É lógico que a transação não envolve disposição de direitos, o que é defeso ao Poder Público tanto na condição de agente (autor) quanto na de paciente (réu). Explica-se: os direitos transindividuais são indisponíveis e, por conseqüência, não podem ser alienados nem renunciados, mesmo quando considerados sob a ótica do direito privado. Na forma do artigo 841 do Código Civil, “só quanto a direitos patrimoniais de caráter privado se permite a transação”, razão pela qual o TAC adquire condição de envolver o compromisso de agir no sentido de ajustar a conduta impondo obrigação de fazer ou de não fazer o que, indiscutivelmente, encerra a disposição do agir, de fazer incidir a regra do direito indisponível.

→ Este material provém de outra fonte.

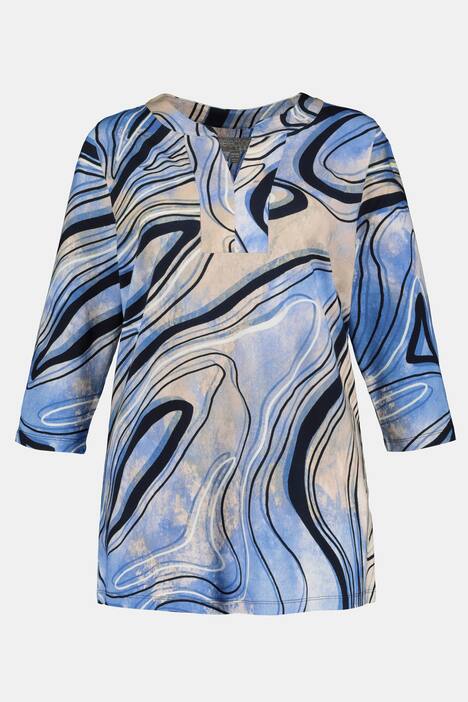 Shirt, Linien-Design, 3/4-Ärmel, V-Ausschnitt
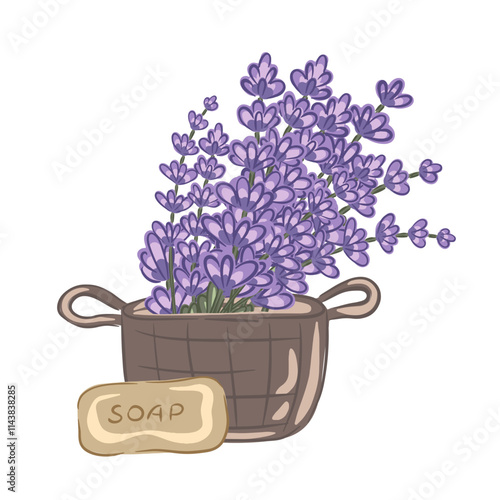 Hand drawn lavender bouquet in a basket with a soap bar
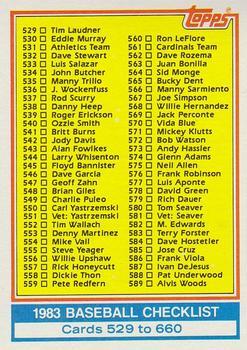 #642 Checklist: 529-660 - - 1983 Topps Baseball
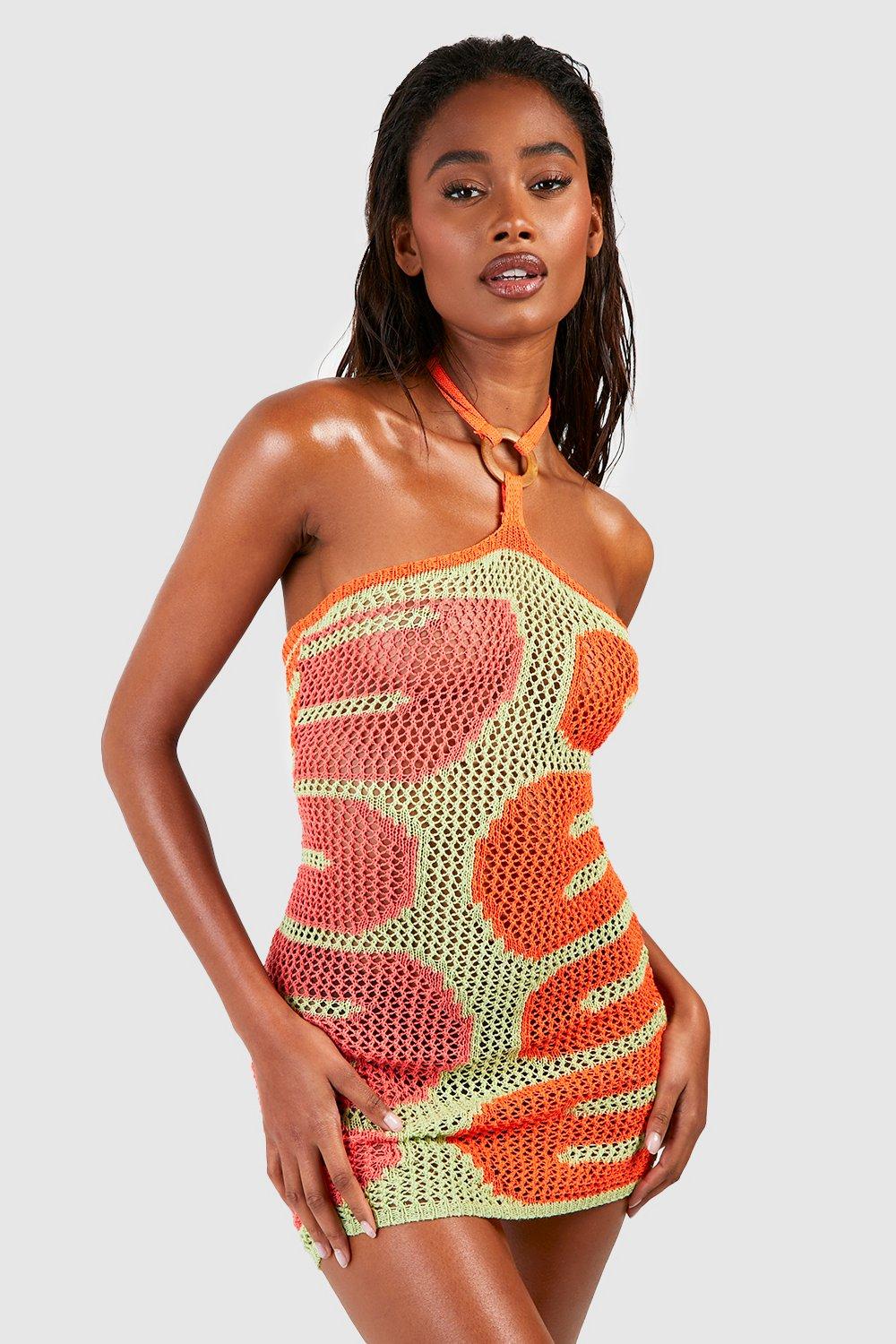 Crochet Halter Neck Square Ring Beach Dress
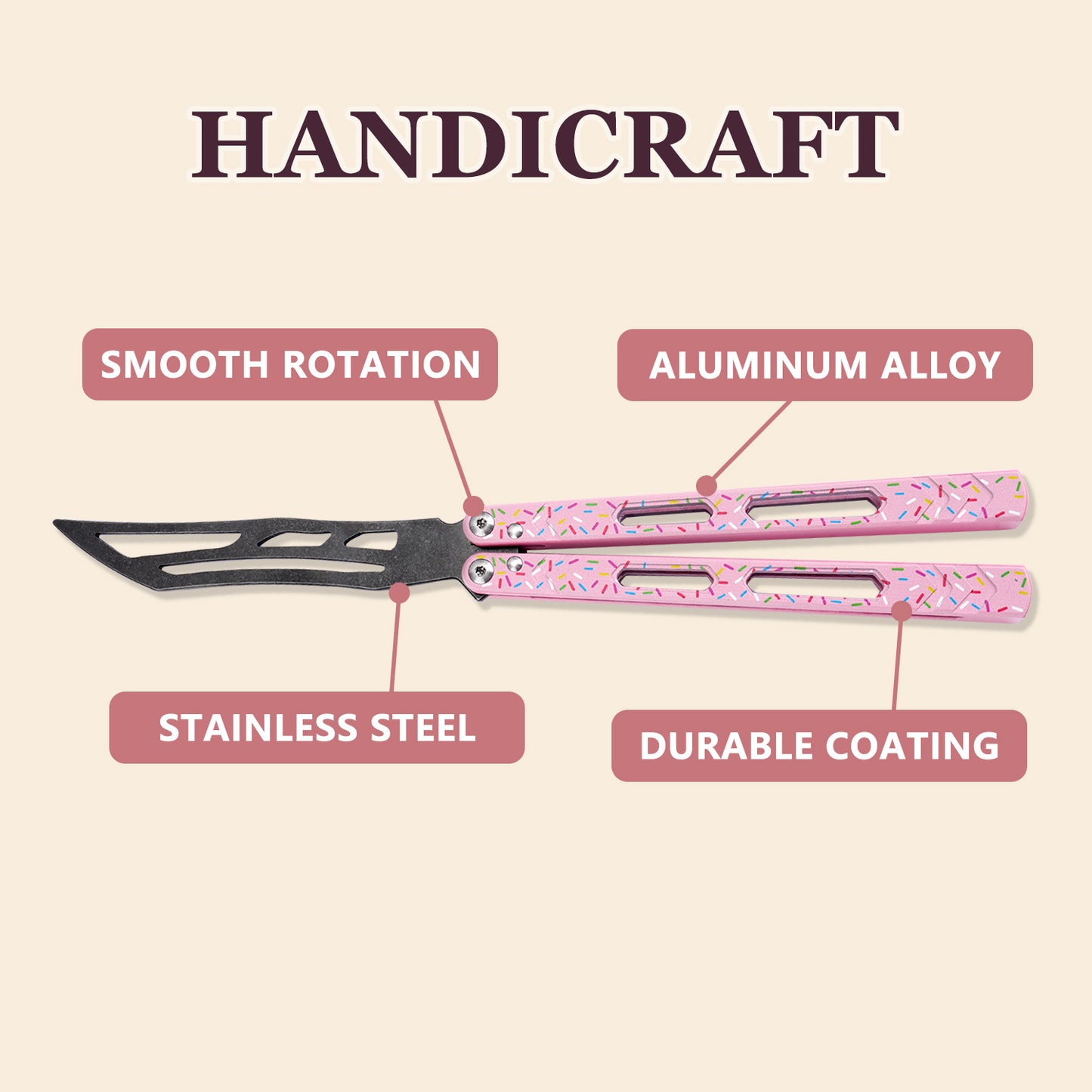 TGZUO 10.16" Professional Bearing Precision Practice Gear - Safe Cutter Precision Machined Aluminium Handle (Pink)
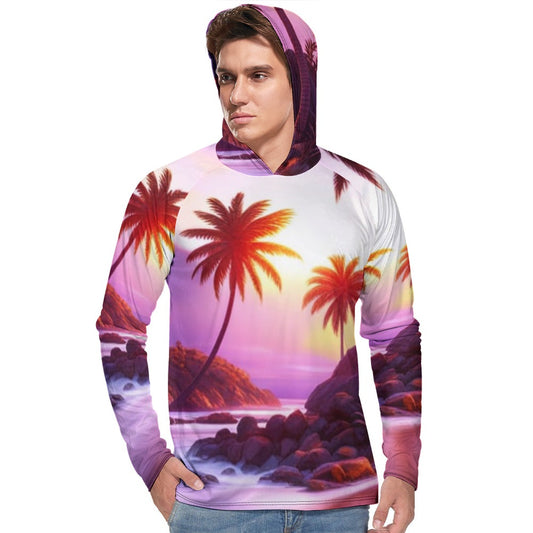 Tropical Vibes | Men's Light Hoodie | Artist Design - Art Meets Apparel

É como opina TALDEN FARIAS4, afirmando que existem limites que devem ser respeitados na celebração do TAC, já que os direitos em questão são indisponíveis:
“(...) para ser celebrado, o TAC exige uma negociação prévia entre as partes interessadas com o intuito de definir o conteúdo do compromisso, não podendo o Ministério Público ou qualquer outro ente ou órgão público legitimado impor a sua aceitação. Caso a negociação não chegue a termo, a matéria certamente passará a ser discutida no âmbito judicial. (...) O
TAC é um título executivo extrajudicial fruto de um acordo formal entre as partes interessadas, que contém uma obrigação de fazer ou de não fazer e uma cominação para o caso de descumprimento dessa obrigação, devendo servir para a regularização de situações que possam estar colocando em risco direitos de natureza transindividual.”
É transação sim, em que não se abre mão de direito indisponível, porque não se está transacionando o direito em si – já que se o considera como decorrente de norma dotada de certeza jurídica - mas o seu exercício, a conduta que presidirá o exercício de tal direito.

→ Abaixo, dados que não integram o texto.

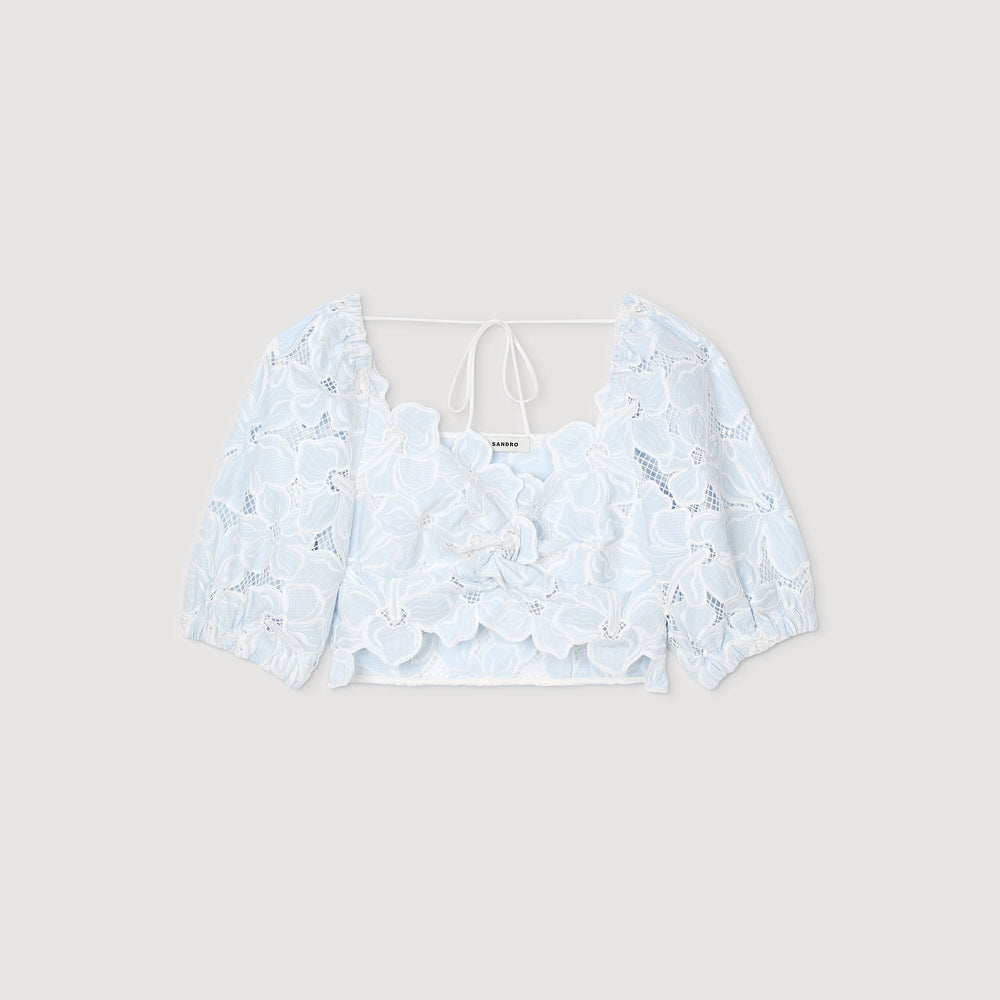 Guipure lace top Sky Blue Sandro Women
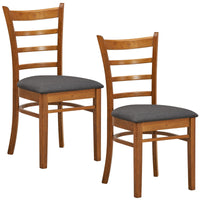 Linaria Dining Chair Set of 2 Crossback Solid Rubber Wood Fabric Seat - Walnut dining Kings Warehouse 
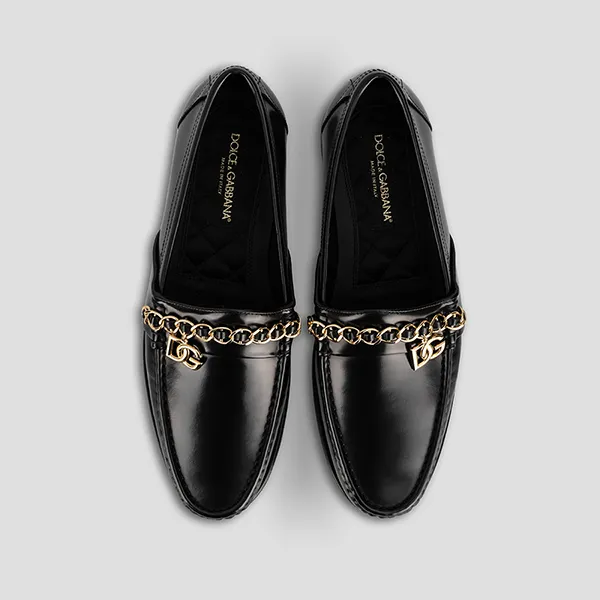 Giày Lười Nam Dolce & Gabbana D&G Chain-trim Leather A30154 AY925 Màu Đen Size 42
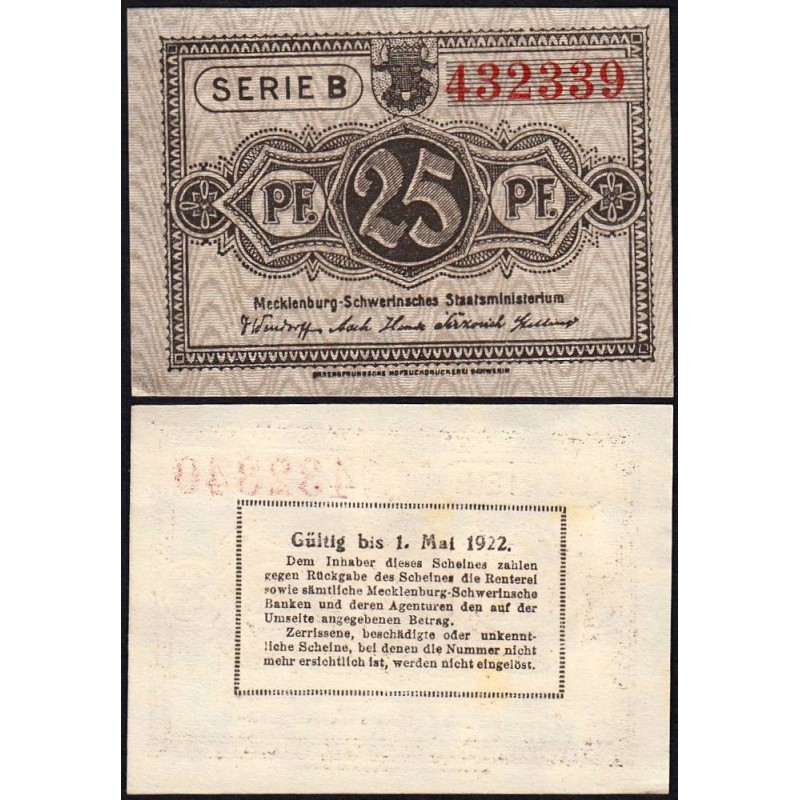Allemagne - Notgeld - Mecklenburg-Schwerin - 25 pfennig - Série B - 1922 - Etat : NEUF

XXXXXXX XXXXXX XXXX XXXXX0 traz a noção que caracteriza a natureza transacional do TAC, afirmando:
“Em razão de sua bilateralidade o compromisso de ajustamento pode ser caracterizado como transação, de modo que ‘avençadas as cláusulas e condições, ficam verdadeiramente superadas quaisquer possibilidades de discussão de seus termos’, pois a ‘transação produz entre as partes o efeito de coisa julgada’, como sublinha Xxxxxx Xxxx (XXXX, Xxxxxx. Alternativas à ação civil pública ambiental (reflexões sobre as vantagens do termo de ajustamento de conduta). In MILARÉ, Edis (Coord.) Ação Civil Pública – Lei n. 7.347/1985 – 15 anos. 2ª ed. São Paulo: Revista dos Tribunais, 2002. p. 119-120).

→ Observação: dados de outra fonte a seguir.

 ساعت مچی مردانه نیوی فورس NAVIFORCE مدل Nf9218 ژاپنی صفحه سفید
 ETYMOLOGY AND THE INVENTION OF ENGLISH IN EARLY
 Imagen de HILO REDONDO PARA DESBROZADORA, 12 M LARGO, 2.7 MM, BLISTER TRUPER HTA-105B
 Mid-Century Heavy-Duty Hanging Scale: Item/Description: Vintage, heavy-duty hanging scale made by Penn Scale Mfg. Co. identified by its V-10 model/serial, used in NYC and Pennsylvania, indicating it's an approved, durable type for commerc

O compromisso, lembra ainda Hindemburgo Xxxxxxxxxxxxx Xxxxx (XXXXXXXXXXXXX XXXXX, Xxxxxxxxxxx. Compromisso de ajustamento de conduta. Revista dos Tribunais. São Paulo, Revista dos Tribunais 781/735, nov.2000, p. 733-740) reúne ‘todas as características de um negócio jurídico, pois estende à esfera de poder das partes interessadas a eliminação da incerteza relativa à situação jurídica preexistente, permitindo a prevenção ou o término do conflito no que se aproxima do esquema legal ditado para a transação. Como o interessado se compromete a adequar sua conduta ao que supõe corresponder às exigências da lei, é correto deduzir que o negócio se dirige à eliminação de todas as dúvidas relativas à situação jurídica preexistente’. Desse modo, ‘o significado do ajustamento de conduta do interessado às exigências da lei passa a ter (...) maior amplitude, alcançando, a partir da fixação da situação jurídica
preexistente, todos os efeitos decorrentes do ato, entre os quais se inclui o dever de reparação.”
Na condição de negócio jurídico de acertamento, na nomenclatura que lhe é oferecida pela doutrina italiana, como ensina HINDEMBURGO XXXXXXXXXXXXX FILHO6, o TAC estaria a servir como instrumento para a eliminação do estado subjetivo de incerteza que envolve a posição das partes numa relação jurídica e que desemboca, ao fim, na provocação da ação estatal da jurisdição. Nesse sentido, para prevenir o estado jurídico de incerteza, as partes estariam, de forma um pouco diferente da transação – que envolve disponibilidade de direito a celebrar negócios que incorporariam apenas a declaração da realidade da situação jurídica preexistente, sem gerar sobre essa nenhum efeito modificativo. Estar-se-ia a compor apenas a condição do ajustamento da conduta à lei, sem liberar direito – de resto indisponível.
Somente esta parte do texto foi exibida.